** Opening Data provided block **

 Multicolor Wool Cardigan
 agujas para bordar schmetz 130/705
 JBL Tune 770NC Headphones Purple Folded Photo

** Closing Data provided block **
** Opening Data provided block **

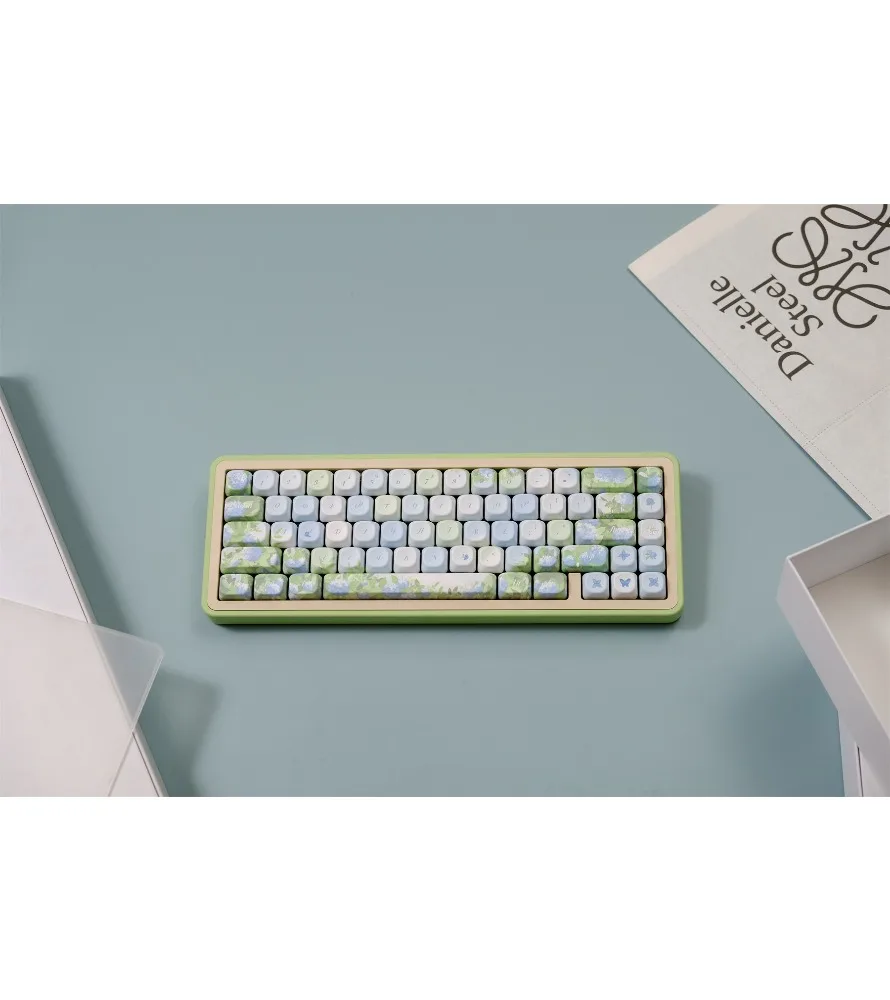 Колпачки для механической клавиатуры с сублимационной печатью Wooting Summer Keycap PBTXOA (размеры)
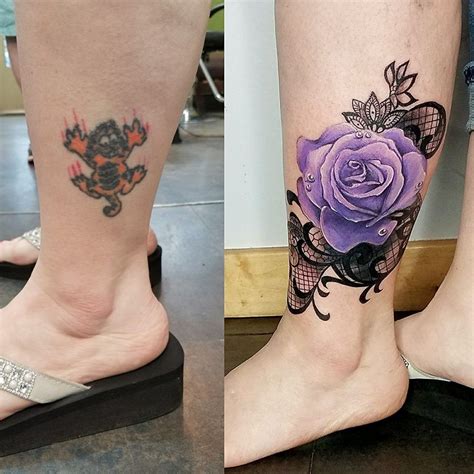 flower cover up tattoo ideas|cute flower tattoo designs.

** Closing Data provided block **
** Opening Data provided block **

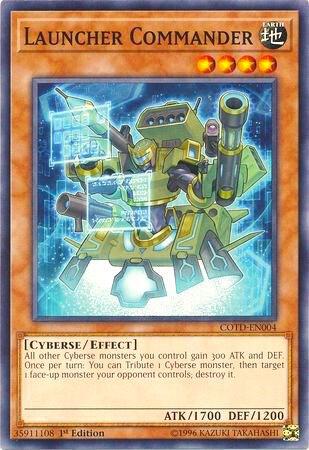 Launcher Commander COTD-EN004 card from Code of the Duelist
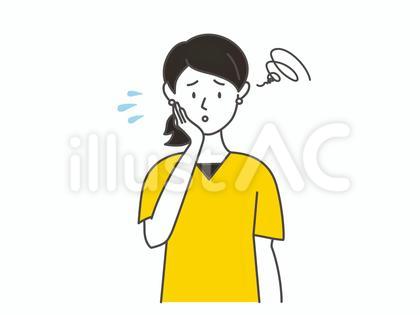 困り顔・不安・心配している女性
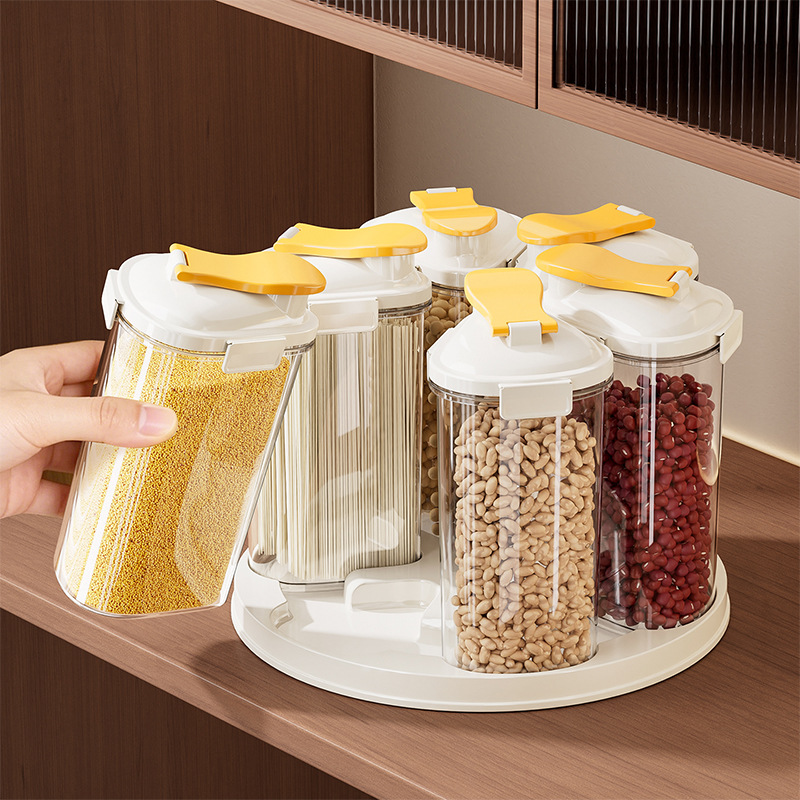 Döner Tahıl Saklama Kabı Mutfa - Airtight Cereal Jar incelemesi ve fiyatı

** Closing Data provided block **

▶ Goal of the exercise:
In the data above, retype only the stretch from the line with "Колпачки для механической" through the line with "flower cover up", word for word, and skip any pictures.

▶ Answer:
 Колпачки для механической клавиатуры с сублимационной печатью Wooting Summer Keycap PBTXOA (размеры)
 flower cover up tattoo ideas|cute flower tattoo designs.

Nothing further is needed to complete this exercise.